Voltando ao Dr Mendeleeev, se você acha que sua vida é dura, não imagina o que esse garoto russo passou na infância. Caçula de uma família de 17 filhos… espere um pouco. Eu disse 17? Calma, sério… Existe uma família de 17 filhos? Se hoje os pais reclamam da falta de tempo para cuidar de 1,7 filhos em média, apesar de eu não entender como se pode ter 1 + 0,7 filho, imagine se tivessem 17 deles na Sibéria.
Enfim… nascido em 1834, ano que seu pai ficou cego, o caçula era prodígio em ciências. Infelizmente, logo que completou 17 anos, Ivan Pavlovich Mendeleiev falece. Sua mãe, herdeira de uma fábrica de vidros, decidiu investir na educação do garoto e deu continuidade ao negócio. Resultado: a fábrica pegou fogo.

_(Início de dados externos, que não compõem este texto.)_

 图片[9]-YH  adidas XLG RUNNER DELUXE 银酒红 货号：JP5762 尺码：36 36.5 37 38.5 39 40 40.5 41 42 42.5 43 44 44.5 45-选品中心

No entanto, mal sabe você que os “serumaninhos” têm uma dívida de gratidão com a Sra Maria Dmitrievna Mendeleieva. Se Euclides da Cunha afirmou que “o sertanejo é, antes de tudo, um forte”, certamente não conheceu a Dona Maria.

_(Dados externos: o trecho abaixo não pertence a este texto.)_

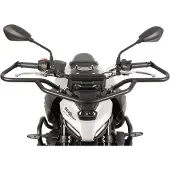 Hepco & becker Sturzbügel Front schwarz für Yamaha MT-07 2025- Unisexohne Farbe009 - Motorradteile - Anbauteile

Enquanto muitos pais reclamam da dura jornada de trabalho e falta de tempo por estarem viciados em Televisão, Netflix, Whatsapp e Facebook, a mãe de Mendeleev pegou seu filho e o levou para Moscou.
Mas há um detalhe curioso: ela foi de cavalo. Sim, de cavalo com o filho na garupa. Segundo minhas fontes, eles percorreram 1200 milhas, o que seriam quase 2000 Km.

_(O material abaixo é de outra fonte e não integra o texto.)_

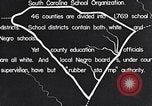 Standbild negro Schule South Carolina United States USA, 1936, aus Sekunde 33 historischem Filmmaterial Videoclip 65675035946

Porém o Google Maps diz que a distância entre Tobolsk, onde nasceu, e Moscou é de 2400 Km de carro, o equivalente a quase dois dias de viagem ininterruptos.
Estou só conjecturando, mas imagine você pela Sibéria, que esses dias bateu -65º C, e por sei lá quantos dias cavalgar para chegar em Moscou e após mais de 2.000 Km ver seu sonho completamente despedaçado: seu filho foi sumariamente rejeitado.
“Mas Dona Maria é valente”, como diria Galvão Bueno. Cavalga mais 714 Km no lombo do cavalo até chegar em São Petesburgo e graças ao QI de seu filho, no caso “quem indica”, ele consegue a vaga uma vez que o pai também havia estudado na mesma universidade. Como desgraça pouca é bobagem, após a comprida missão cumprida, sua mãe morre.
Veja como a vida foi injusta para muitos químicos: os Atomistas gregos Demócrito e Leucipo foram ignorados por Aristóteles enquanto os alquimistas, precursores dos químicos atuais (incluindo o gênio Isaac Newton), eram considerados feiticeiros durante a idade média.
Chegou a química moderna e Antoine Lavoisier, criador da célebre frase “na natureza nada se cria, nada se perde, tudo se transforma“, teve ainda menos sorte. A revolução francesa que pregava “liberdade, igualdade e fraternidade”, degolou literalmente um dos maiores cientistas da história, o qual inspirou Einstein a formular a célebre equação E = MC2.
“Levou apenas um instante para cortarem-lhe a cabeça, mas a França talvez não produza alguém como ele em um século”, disse o matemático Joseph Lagrange.
Sobrou então para Mendeleev. Em sua época, cerca de 60 elementos da tabela já eram conhecidos, ou seja, praticamente metade deles. Foi então que o gênio teimoso colocou na cabeça que aquilo tinha um padrão, uma das paixões do cérebro humano, e fez dos elementos conhecidos como cartas de baralhos procurando uma sequência lógica para eles.
Conta-se que após inúmeras tentativas e chamados de seu motorista para ir embora, ele adormeceu em seu escritório. No sonho, as cartas começaram a organizar-se e enfim ele entendeu a relação entre os cerca de 60 elementos faltantes.
Como num jogo de cartas, ele foi agrupando os elementos por “peso” e deixando espaços nos que faltavam. Com sua lógica e matemática inacreditáveis, Mendeleev simplesmente previu exatamente os elementos não haviam sido descobertos na época.
Foi algo surreal. Por exemplo: abaixo do Alumínio ele apelidou o elemento de “Eka-Alumínio”, que hoje sabemos ser o Gálio. Ocorre que em 1875 o Gálio foi realmente isolado por Lecoq de Boisbraudan e comprovou a previsão de russo.
Mesmo com toda sua genialidade, ele não ganhou um prêmio Nobel. Por outro lado, seu nome estará impresso para sempre na Tabela periódica através do elemento 101, Mendelévio.
Santa Maria, que literalmente deu a vida pelo filho.